§ **Work to be completed**
Exclude the pictures and set down, unaltered, the lines from the one that holds "Nadia Marques de" through the end of the data.

[Opening Task material section]

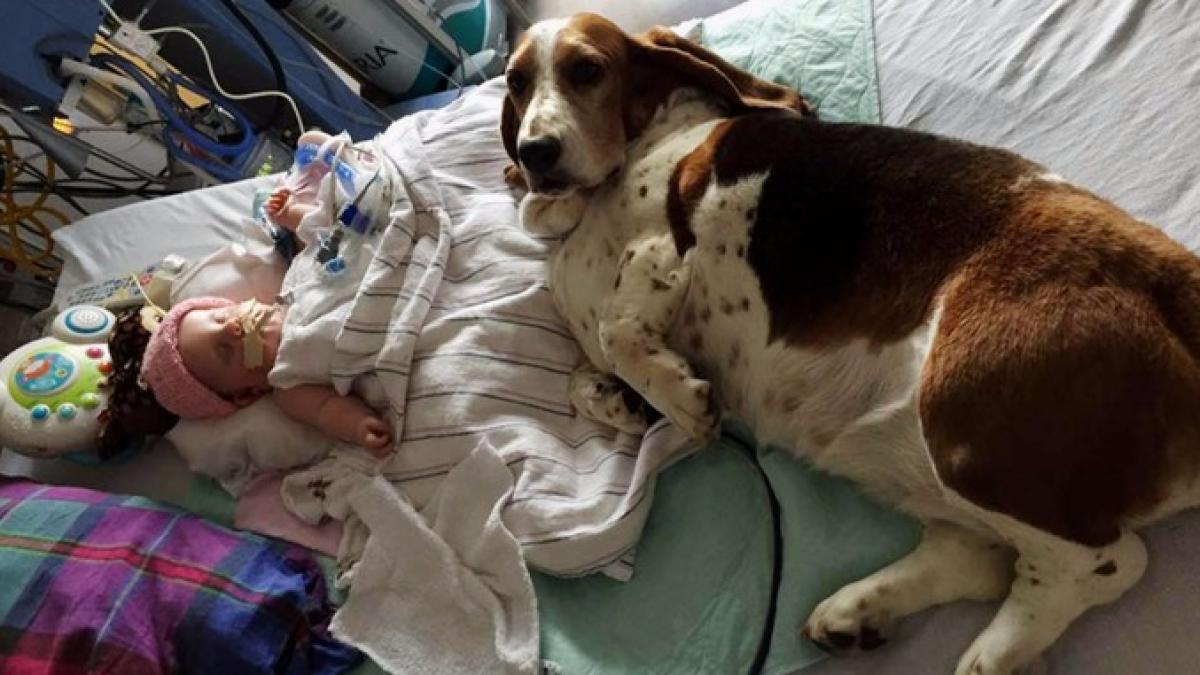 fetita lor este pe moarte iar cainii familiei o supravegheaza cu fidelitate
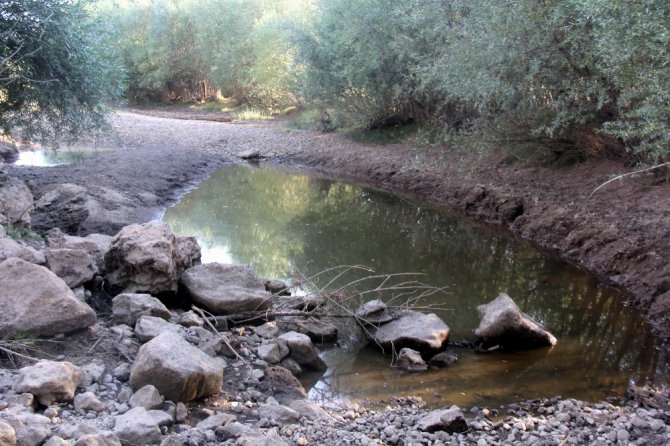 Kızılırmak’ın Bir Kolu Kurudu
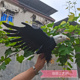 仿真羽毛老鹰模型摄影拍摄道具cos装 饰鹰动物办公室桌面金雕摆件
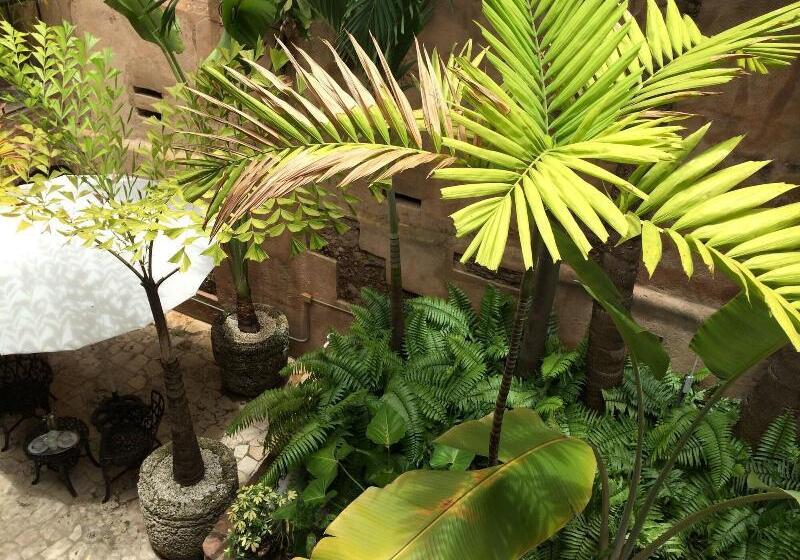 Fotos del hotel El Beaterio Casa Museo:  3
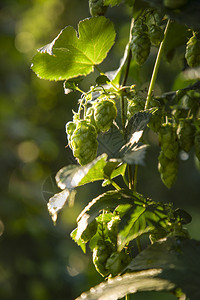 喝床单羽扇豆花生植物的细数绿色和叶子紧图片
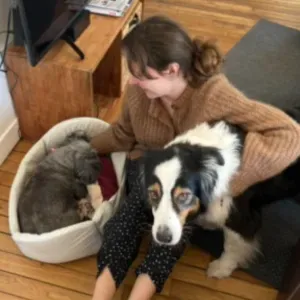 Pet-Sitter disponible à Lyon !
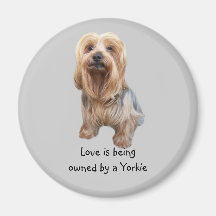 Yorkshire Terrier So Cute Magnet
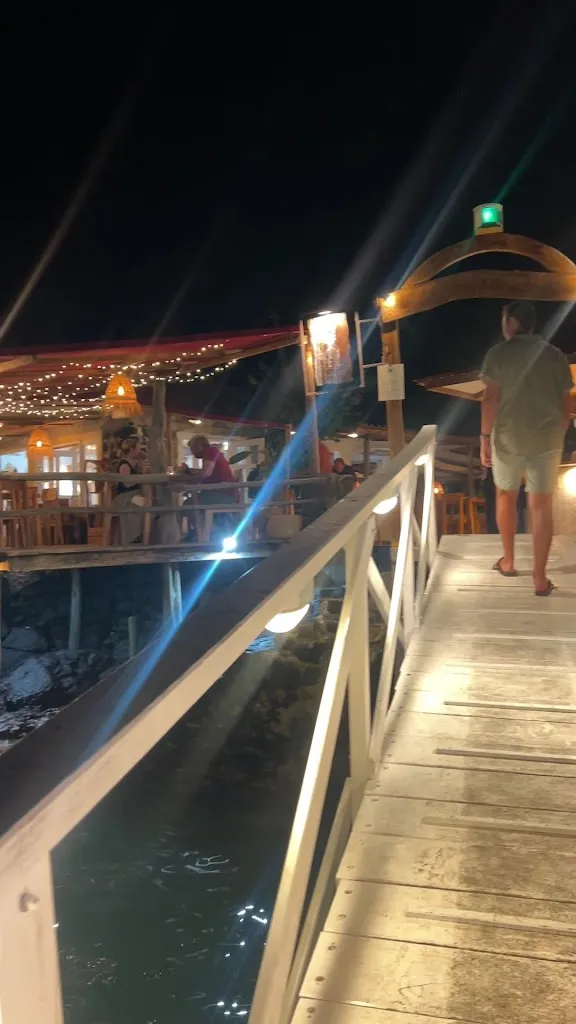 Nadia Marques de Carvalho_The Point By Midori_Galápagos_review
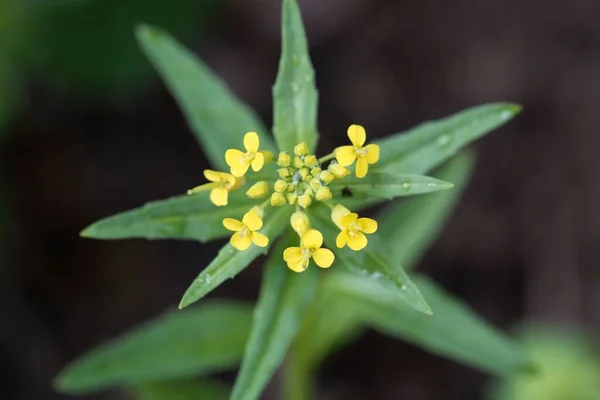 Flor Una Mostaza Melaza Erysimum Cheiranthoides — Foto de Stock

[Closing Task material section]

§ **Exercise answer**
 Nadia Marques de Carvalho_The Point By Midori_Galápagos_review
 Flor Una Mostaza Melaza Erysimum Cheiranthoides — Foto de Stock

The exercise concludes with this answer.